Tips on Buying a Portable Sawmill

These tips on buying a portable sawmill will help you select the right mill for your homestead.
December 2002/January 2003
http://www.motherearthnews.com/homesteading-and-livestock/tips-on-buying-a-portable-sawmill-zmaz02djzgoe.aspx
Get tips on buying a portable sawmill for the homestead.


PHOTO: FOTOLIA/BRIGHT

Tips on buying a portable sawmill for your homestead.

Tips on Buying a Portable Sawmill

Sawmill marketing data and catalogs seem so filled with hyperbole and lack of objective comparisons that it can be difficult to know what to consider when buying a mill. We asked Brian Grodner, co-owner of The Sawmill Exchange, [www.sawmillexchange.com] the largest broker of used sawmills in the country, for his thoughts. Grodner has no dog in this fight, so his comments are worth listening to. Among the things he says to consider:

Ask the owners! Never buy a portable sawmill without first conferring with sawmill owners. They are your absolute best source for factual, honest information on how you can expect a brand and model to perform.

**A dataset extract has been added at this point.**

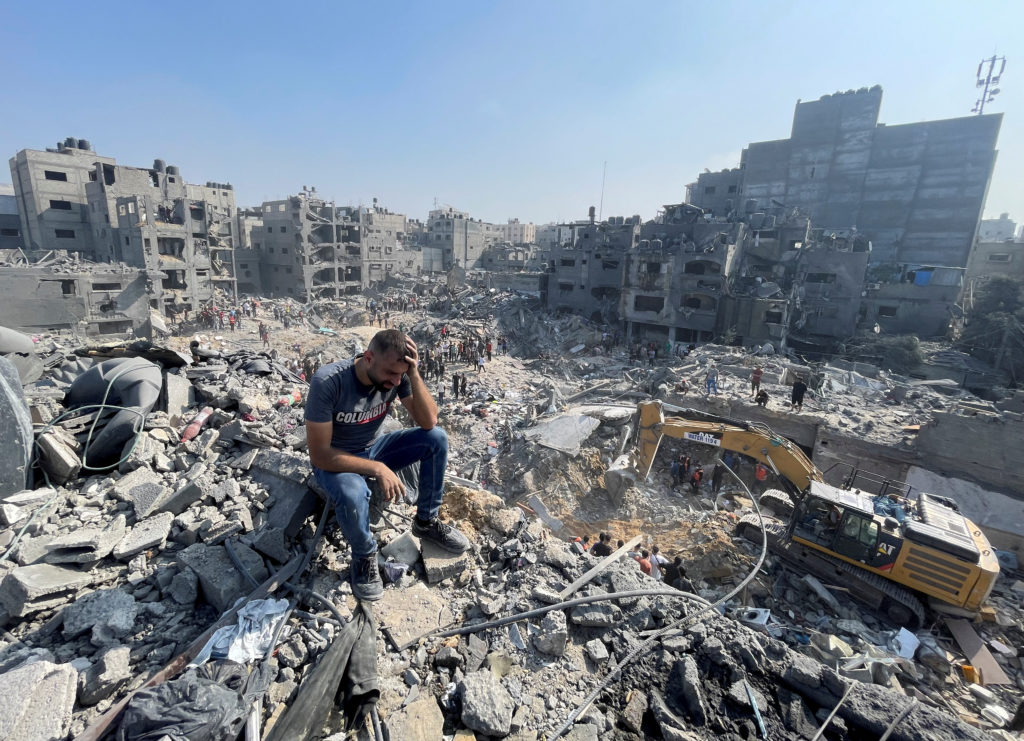 Palestinians search for casualties a day after Israeli strikes on houses in Jabalia refugee camp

Income. Will you use the mill full time or part time? Will the milt provide all or part of your income?

Production. What is the minimum amount of daily production you require to meet your income needs? Before deciding on a unit, check with owners of that make and model to make sure you can use it to meet your production goals.

Generally, the less expensive the mill, the lower its production rate. If you are considering commercial sawing, remember that sawmilling is very physically demanding; you'll want to find a mill that suits your work pace.

Other major components. Sawmill system components include edgers, planers, debarkers, bark cleaners and dry kilns. If you're using a circular sawmill and want to produce more than rough-cut lumber, planers are essential. Debarkers and bark cleaners increase the life span of your bands and blades. Kiln-dried lumber sells for a significantly higher price than green lumber. Your choice of major components depends mainly on your production requirements and budget.

Accessories and sharpening equipment. Very rarely will you see a portable sawmill without accessories, which might include the trailer package, extra bands and a sharpening system. These accessories can add as much as $5,000 to the cost of the sawmill.